> What is expected
Find the line with "秋天河面反射的美景背景图片" in the records below. Copy it and every line after it, up to and including the line with "Light grey L-shaped".

> Dataset records
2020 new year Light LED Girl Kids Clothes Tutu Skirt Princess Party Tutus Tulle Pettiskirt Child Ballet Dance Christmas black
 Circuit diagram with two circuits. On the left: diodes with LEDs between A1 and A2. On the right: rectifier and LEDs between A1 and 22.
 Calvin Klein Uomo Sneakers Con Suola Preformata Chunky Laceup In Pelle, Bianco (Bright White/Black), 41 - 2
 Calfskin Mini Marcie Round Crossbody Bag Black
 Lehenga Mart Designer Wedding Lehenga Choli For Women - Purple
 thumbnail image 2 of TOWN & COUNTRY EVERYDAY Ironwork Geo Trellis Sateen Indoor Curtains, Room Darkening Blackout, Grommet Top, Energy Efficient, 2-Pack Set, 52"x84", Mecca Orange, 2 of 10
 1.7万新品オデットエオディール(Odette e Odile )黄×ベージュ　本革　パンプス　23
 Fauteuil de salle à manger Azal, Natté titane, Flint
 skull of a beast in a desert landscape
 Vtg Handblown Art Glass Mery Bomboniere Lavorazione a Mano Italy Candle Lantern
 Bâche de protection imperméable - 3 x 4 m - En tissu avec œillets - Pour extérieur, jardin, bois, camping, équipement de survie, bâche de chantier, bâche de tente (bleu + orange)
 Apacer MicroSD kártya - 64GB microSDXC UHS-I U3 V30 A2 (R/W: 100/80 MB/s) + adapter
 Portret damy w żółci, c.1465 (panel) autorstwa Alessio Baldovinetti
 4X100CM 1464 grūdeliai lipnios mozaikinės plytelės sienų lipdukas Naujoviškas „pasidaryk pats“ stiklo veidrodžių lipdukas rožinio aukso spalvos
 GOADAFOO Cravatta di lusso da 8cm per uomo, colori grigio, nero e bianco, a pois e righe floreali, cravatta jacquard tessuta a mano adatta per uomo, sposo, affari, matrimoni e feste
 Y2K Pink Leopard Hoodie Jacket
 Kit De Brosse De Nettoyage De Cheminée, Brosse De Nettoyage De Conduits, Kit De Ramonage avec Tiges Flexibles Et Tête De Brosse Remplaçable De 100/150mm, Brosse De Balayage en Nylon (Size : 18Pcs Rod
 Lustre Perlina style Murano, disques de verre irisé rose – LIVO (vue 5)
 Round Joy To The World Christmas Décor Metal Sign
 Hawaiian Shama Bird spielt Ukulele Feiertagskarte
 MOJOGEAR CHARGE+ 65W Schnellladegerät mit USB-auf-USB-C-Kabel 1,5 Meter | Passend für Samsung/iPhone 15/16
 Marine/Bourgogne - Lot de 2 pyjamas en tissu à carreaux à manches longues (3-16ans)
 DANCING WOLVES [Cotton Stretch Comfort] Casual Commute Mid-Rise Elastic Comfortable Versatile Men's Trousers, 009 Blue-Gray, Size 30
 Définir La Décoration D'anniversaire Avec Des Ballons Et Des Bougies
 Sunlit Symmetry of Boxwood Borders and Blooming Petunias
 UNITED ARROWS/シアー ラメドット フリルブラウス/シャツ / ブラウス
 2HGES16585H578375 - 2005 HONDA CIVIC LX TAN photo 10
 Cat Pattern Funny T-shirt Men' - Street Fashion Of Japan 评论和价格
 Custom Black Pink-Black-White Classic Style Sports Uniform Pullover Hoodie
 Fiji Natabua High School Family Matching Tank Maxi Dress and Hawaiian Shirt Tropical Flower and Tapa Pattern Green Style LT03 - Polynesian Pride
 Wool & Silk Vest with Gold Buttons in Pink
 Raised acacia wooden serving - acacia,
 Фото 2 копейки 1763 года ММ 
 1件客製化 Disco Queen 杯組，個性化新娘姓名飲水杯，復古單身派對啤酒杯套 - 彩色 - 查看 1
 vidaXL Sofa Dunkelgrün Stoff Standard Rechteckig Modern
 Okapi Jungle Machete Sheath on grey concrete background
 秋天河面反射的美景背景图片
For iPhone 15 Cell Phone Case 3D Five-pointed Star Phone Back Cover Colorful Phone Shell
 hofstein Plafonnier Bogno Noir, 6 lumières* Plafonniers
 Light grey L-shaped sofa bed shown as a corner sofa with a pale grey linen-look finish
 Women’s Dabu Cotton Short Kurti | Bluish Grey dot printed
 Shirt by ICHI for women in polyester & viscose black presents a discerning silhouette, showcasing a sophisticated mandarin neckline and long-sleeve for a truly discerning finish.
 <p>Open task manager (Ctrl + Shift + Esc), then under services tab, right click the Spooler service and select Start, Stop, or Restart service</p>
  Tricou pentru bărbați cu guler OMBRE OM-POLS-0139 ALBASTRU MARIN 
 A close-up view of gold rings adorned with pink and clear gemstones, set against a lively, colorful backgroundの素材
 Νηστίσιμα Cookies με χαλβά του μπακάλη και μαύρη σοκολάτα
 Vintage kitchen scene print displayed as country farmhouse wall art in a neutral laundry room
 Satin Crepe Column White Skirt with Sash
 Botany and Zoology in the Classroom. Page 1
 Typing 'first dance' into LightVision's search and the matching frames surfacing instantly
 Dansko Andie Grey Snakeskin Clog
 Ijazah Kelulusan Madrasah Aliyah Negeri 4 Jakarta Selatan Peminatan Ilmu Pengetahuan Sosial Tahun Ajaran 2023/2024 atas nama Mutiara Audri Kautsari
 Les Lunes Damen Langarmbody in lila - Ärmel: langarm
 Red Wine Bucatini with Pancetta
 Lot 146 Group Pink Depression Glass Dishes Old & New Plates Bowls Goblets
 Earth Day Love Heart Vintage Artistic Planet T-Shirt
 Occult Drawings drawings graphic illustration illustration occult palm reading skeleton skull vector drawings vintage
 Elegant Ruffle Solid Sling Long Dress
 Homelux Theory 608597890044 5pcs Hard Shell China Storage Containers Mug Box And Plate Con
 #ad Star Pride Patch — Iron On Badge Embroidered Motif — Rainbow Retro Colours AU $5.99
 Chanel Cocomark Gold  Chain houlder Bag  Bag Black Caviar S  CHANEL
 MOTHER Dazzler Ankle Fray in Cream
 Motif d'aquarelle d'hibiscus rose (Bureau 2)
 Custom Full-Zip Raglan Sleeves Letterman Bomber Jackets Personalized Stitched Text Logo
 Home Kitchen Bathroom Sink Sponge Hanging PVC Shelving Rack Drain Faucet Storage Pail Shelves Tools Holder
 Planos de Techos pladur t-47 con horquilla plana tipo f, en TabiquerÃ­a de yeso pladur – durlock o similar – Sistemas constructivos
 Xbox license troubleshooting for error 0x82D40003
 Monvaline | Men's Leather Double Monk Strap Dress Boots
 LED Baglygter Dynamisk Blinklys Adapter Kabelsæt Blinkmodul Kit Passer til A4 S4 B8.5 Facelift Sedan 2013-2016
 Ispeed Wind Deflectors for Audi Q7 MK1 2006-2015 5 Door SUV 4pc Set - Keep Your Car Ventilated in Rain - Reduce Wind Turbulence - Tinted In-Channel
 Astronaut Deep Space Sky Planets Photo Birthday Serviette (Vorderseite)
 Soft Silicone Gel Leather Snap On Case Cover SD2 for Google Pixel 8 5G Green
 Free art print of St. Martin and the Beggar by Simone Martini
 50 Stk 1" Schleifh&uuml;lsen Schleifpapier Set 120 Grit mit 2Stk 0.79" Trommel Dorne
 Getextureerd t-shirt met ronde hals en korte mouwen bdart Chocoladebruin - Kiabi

> Task response
 秋天河面反射的美景背景图片
For iPhone 15 Cell Phone Case 3D Five-pointed Star Phone Back Cover Colorful Phone Shell
 hofstein Plafonnier Bogno Noir, 6 lumières* Plafonniers
 Light grey L-shaped sofa bed shown as a corner sofa with a pale grey linen-look finish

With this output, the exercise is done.